Ah! que j'estime les monarques,
Surtout lorsque c'est vous qui les faites parler!
Oui, s'ils pouvaient vous ressembler,
Les cours n'entendraient plus la voix des Aristarques
En vaines plaintes s'exhaler;
La vérité dans ses remarques
N'aurait rien à dissimuler.
Ces rois auraient le don de plaire
Et l'art plus précieux de régner sur les cœurs,
Par là cent fois supérieurs
A tout souverain arbitraire
Qui sur un peuple tributaire
Établit son pouvoir à force de rigueurs.
Mais votre empire est doux, votre âme est débonnaire,
Vous m'avez subjugué, mon joug est volontaire,
Et ce serait pour moi le comble des malheurs
Si jamais le destin contraire
Entreprenait de me soustraire
A la douce rigueur de mes fers enchanteurs.

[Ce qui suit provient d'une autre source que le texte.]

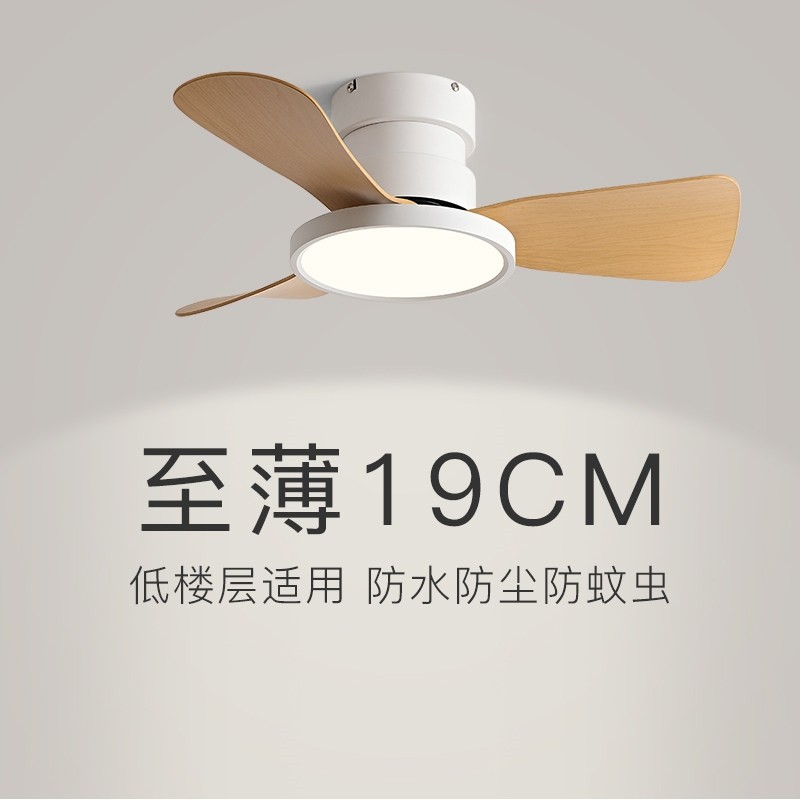 小型卧室风扇灯2025年新款家用小吊扇灯尺寸餐厅静音过道阳台吸顶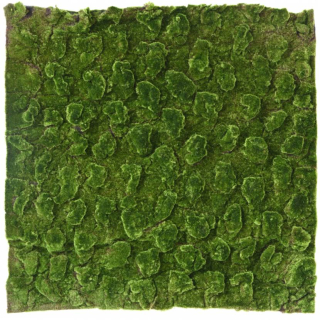 Umělá živá zelená stěna MECH TOP, 100 x 100cm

Tandis que grand nombre d'esclaves,
Foulés par le sceptre des rois,
<267>S'efforcent vainement de rompre leurs entraves
Pour se gouverner à leur choix;
Tandis que le peuple de Corse
Toujours obstinément se ranime et s'efforce
A briser les fers des Génois :
Mon cœur ne veut d'autre avantage
Qu'à vos attraits de rendre un éternel hommage;
Et pour vous, ma divinité,
Je renonce à ma liberté,
D'un Suisse le seul héritage,
Qui fait des humains en tout âge
La suprême félicité.
Idole de mon cœur, vous, l'âme de mon âme,
Vous détruisez en moi l'esprit républicain.
J'abhorrais autrefois le nom de souverain;
Que le conseil des Cent de nos Bernois me blâme,
Que l'esprit du grand Tell dans son tombeau s'enflamme,
Qu'il m'appelle parjure, esclave de Tarquin,
Vous serez, quoiqu'il me réclame,
Souveraine de mon destin.
Prenez donc désormais les rênes de l'empire
Sous ces auspices fortunés;
Songez, en me voyant à vos pieds prosterné,
Que des Brutus, ces forcenés,
Détestant à vos yeux le stoïque délire,
Je serai, j'en fais le serment,
Fidèle et dévoué jusqu'au dernier moment
Au monarque nouveau que mon cœur vient d'élire.

A Péterswaldau, 25 août 1762.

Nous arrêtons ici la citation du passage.